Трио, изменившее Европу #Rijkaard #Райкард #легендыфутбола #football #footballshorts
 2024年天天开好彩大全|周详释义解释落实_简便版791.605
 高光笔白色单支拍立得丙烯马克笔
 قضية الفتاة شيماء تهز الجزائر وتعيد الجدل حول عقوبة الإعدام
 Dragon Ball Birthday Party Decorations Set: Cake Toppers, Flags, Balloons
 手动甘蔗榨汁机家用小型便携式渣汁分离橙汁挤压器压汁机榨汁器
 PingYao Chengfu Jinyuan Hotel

+ + + + + + +

What this task involves ::
Every entry must be output again, exactly as written above.

Written answer ::
Трио, изменившее Европу #Rijkaard #Райкард #легендыфутбола #football #footballshorts
 2024年天天开好彩大全|周详释义解释落实_简便版791.605
 高光笔白色单支拍立得丙烯马克笔
 قضية الفتاة شيماء تهز الجزائر وتعيد الجدل حول عقوبة الإعدام
 Dragon Ball Birthday Party Decorations Set: Cake Toppers, Flags, Balloons
 手动甘蔗榨汁机家用小型便携式渣汁分离橙汁挤压器压汁机榨汁器
 PingYao Chengfu Jinyuan Hotel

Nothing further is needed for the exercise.